Assigned task →
In the entries that follow, which lines hold the string "Pearl"? List them.

Short web captions
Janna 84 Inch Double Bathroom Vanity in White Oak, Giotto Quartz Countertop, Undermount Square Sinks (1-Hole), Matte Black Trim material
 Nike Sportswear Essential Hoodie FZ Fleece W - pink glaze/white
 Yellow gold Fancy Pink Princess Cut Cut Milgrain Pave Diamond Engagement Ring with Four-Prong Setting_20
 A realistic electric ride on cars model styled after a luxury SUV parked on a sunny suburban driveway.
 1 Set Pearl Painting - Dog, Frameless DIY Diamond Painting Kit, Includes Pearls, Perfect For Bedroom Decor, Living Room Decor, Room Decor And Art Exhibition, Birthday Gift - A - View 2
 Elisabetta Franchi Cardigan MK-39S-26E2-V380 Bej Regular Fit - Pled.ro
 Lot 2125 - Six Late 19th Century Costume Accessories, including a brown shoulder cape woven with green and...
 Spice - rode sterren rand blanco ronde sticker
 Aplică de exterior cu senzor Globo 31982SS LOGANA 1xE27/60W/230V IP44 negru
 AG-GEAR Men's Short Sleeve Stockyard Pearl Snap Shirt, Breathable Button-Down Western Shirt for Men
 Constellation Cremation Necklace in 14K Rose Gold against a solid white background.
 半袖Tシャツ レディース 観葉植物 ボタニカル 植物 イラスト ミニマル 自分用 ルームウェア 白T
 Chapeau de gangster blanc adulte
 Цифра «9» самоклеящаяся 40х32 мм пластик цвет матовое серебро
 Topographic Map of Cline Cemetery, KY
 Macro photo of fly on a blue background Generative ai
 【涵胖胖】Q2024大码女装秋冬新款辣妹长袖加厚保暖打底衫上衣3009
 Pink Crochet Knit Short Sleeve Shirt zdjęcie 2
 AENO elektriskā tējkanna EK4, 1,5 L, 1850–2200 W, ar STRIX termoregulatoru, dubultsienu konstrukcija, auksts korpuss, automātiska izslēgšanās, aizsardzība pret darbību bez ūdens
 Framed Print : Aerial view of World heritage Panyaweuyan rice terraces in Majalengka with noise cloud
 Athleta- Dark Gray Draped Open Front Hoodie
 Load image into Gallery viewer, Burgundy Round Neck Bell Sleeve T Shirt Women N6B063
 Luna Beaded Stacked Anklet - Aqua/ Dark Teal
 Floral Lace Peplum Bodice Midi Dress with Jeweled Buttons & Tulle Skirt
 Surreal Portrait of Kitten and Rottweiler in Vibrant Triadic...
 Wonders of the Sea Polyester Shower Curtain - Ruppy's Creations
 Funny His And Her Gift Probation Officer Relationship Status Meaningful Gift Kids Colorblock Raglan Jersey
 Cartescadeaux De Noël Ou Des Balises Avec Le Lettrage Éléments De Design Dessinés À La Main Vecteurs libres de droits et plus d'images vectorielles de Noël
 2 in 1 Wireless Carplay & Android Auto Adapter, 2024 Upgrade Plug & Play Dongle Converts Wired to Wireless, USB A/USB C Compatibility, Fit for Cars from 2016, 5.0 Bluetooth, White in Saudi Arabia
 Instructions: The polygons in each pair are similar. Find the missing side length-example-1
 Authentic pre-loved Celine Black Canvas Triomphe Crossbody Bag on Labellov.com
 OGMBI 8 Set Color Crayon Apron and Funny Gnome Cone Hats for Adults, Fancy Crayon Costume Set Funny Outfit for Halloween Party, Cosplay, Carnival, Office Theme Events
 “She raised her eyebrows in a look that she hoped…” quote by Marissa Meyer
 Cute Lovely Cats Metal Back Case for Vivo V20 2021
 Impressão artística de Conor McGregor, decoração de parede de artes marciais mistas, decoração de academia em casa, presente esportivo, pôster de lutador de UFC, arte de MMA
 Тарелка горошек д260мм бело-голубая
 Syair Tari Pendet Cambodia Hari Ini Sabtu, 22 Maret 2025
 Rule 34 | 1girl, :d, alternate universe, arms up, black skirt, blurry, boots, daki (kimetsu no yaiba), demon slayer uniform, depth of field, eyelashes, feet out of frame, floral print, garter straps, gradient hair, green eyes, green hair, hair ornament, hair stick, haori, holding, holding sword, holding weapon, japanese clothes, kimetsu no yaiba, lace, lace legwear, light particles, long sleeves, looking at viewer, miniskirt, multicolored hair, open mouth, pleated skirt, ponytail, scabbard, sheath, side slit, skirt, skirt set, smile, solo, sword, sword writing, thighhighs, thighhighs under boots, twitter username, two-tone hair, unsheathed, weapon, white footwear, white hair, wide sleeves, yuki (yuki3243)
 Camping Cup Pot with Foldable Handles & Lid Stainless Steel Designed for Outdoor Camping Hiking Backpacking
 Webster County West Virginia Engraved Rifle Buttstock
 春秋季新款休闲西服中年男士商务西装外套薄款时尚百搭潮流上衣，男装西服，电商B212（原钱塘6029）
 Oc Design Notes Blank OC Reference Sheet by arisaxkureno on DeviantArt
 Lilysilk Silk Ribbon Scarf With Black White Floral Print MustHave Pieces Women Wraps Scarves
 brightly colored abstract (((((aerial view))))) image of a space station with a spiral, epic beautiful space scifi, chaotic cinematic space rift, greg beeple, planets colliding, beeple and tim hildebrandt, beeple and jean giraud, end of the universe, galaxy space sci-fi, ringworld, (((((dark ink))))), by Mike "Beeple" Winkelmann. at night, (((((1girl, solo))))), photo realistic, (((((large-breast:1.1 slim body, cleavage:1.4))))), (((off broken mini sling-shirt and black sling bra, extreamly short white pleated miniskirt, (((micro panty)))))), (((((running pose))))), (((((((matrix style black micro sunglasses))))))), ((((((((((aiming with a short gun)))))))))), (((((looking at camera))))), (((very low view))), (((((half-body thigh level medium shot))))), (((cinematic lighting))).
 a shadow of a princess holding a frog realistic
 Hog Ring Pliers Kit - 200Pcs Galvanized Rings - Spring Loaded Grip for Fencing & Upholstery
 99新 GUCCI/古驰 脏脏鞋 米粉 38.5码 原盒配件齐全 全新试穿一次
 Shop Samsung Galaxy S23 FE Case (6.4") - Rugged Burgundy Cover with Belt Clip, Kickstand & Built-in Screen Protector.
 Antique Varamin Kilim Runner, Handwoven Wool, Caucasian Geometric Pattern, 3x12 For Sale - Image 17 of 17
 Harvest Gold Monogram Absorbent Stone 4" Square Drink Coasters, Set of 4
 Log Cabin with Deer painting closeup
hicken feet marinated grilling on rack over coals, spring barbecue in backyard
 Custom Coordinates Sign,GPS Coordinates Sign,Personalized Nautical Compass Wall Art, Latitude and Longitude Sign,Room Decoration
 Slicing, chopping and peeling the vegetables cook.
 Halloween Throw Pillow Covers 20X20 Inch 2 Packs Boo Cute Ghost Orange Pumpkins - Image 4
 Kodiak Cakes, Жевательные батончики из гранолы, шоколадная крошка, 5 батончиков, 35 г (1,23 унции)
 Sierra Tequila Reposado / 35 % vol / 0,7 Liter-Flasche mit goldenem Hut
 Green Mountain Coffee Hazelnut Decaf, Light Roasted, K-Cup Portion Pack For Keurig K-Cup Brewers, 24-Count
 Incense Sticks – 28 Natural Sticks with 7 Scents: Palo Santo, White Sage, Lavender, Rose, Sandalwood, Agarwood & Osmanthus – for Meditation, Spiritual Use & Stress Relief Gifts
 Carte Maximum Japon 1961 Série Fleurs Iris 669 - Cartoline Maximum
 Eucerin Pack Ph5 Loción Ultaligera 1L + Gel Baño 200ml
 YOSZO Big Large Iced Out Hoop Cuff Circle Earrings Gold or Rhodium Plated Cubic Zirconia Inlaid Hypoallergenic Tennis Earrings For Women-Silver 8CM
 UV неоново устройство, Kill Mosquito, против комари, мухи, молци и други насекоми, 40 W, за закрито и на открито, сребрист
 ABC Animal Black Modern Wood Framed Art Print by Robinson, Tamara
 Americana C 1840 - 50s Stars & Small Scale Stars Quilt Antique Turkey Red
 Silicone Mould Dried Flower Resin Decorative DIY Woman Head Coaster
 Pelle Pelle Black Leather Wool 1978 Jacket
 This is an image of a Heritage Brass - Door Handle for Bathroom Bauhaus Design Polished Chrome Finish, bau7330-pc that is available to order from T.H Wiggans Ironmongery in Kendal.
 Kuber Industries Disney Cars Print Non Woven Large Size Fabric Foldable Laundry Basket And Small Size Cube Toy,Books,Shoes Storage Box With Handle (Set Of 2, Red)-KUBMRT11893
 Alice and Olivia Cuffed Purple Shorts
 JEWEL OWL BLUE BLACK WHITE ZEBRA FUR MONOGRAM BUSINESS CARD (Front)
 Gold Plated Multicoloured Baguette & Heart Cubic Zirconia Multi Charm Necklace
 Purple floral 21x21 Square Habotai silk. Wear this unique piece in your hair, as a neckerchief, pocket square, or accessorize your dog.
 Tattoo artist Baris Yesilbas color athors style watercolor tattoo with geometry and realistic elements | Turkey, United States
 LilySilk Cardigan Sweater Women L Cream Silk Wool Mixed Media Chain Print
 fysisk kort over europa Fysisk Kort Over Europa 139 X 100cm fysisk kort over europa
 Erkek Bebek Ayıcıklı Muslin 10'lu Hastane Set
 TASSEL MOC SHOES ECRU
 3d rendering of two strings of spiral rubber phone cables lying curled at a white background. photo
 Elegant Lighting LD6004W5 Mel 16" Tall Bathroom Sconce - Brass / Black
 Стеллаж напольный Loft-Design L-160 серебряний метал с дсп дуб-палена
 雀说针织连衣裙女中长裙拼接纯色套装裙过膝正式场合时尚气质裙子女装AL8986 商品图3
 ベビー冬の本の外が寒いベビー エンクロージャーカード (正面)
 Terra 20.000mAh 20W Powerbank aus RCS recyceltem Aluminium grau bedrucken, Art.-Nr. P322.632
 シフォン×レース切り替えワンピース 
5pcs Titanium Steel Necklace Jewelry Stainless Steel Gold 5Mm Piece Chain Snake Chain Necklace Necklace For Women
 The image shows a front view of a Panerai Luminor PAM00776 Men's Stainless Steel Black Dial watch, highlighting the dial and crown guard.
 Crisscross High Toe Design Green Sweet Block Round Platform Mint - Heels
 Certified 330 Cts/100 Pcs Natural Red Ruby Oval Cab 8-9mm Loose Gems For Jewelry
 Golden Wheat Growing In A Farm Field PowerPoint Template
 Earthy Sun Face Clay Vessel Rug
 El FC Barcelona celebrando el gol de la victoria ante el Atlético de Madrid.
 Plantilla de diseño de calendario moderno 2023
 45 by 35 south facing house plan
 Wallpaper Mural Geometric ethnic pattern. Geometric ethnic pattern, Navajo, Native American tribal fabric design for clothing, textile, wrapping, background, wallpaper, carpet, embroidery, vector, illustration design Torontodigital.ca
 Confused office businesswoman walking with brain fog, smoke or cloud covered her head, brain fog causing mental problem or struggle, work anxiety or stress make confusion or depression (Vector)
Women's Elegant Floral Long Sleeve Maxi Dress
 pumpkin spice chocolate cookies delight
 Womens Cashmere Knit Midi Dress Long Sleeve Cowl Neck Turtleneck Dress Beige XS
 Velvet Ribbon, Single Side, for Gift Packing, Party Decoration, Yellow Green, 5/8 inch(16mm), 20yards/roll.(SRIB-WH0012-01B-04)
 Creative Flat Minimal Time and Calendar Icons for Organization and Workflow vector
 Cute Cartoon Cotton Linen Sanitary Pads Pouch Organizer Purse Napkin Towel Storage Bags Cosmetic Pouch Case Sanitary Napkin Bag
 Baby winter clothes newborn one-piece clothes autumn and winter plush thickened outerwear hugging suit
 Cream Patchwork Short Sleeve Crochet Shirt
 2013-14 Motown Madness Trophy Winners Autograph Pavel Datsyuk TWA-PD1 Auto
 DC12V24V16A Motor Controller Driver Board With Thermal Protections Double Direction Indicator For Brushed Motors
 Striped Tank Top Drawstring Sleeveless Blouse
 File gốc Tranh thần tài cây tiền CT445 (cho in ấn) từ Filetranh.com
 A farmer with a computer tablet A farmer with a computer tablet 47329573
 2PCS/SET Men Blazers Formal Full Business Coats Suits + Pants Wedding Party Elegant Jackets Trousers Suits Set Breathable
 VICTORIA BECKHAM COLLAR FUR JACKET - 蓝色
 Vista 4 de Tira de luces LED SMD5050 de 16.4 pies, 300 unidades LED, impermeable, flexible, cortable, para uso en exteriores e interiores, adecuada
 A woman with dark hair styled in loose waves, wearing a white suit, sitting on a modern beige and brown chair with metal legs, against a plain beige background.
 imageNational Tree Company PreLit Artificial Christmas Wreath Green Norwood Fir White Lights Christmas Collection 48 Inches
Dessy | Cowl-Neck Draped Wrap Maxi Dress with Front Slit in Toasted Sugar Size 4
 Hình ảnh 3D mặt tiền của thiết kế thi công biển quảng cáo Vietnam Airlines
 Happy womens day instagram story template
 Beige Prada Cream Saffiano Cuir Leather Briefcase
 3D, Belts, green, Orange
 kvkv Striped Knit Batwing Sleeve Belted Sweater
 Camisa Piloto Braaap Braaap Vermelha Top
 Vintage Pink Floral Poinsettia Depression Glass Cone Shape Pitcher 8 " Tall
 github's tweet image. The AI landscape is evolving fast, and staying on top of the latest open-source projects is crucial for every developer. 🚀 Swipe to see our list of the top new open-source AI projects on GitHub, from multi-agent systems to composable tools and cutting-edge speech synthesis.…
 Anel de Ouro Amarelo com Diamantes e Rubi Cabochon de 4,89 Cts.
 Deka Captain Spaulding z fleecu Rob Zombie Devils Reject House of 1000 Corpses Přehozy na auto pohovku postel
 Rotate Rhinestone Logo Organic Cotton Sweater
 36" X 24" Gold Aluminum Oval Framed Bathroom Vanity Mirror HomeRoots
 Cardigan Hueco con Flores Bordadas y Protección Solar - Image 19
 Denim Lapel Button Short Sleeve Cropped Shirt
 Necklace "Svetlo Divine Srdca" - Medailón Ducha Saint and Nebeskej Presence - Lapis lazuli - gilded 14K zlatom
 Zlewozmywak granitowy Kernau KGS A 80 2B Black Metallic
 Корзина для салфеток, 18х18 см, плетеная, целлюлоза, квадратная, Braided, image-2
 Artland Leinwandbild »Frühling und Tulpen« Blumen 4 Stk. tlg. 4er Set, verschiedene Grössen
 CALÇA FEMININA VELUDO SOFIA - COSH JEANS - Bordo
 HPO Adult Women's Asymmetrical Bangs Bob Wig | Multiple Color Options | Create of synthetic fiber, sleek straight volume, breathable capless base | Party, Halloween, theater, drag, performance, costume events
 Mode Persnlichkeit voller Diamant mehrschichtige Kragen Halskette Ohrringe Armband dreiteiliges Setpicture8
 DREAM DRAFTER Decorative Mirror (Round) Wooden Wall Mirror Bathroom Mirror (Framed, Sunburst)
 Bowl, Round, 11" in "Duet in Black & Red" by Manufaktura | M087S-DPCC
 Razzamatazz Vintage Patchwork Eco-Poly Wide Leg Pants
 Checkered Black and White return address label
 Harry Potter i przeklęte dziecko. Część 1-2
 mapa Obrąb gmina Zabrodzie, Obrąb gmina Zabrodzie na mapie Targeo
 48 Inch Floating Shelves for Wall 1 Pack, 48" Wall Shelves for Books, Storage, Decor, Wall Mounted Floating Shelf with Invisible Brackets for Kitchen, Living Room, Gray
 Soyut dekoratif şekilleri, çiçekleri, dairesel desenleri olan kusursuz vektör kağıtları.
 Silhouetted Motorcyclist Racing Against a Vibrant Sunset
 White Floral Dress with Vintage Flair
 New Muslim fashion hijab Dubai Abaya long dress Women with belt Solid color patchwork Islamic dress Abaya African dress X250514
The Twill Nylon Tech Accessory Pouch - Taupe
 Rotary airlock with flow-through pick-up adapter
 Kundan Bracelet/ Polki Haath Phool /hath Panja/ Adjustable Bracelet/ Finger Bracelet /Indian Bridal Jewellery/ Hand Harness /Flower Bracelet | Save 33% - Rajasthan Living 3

Exercise result →
 1 Set Pearl Painting - Dog, Frameless DIY Diamond Painting Kit, Includes Pearls, Perfect For Bedroom Decor, Living Room Decor, Room Decor And Art Exhibition, Birthday Gift - A - View 2
 AG-GEAR Men's Short Sleeve Stockyard Pearl Snap Shirt, Breathable Button-Down Western Shirt for Men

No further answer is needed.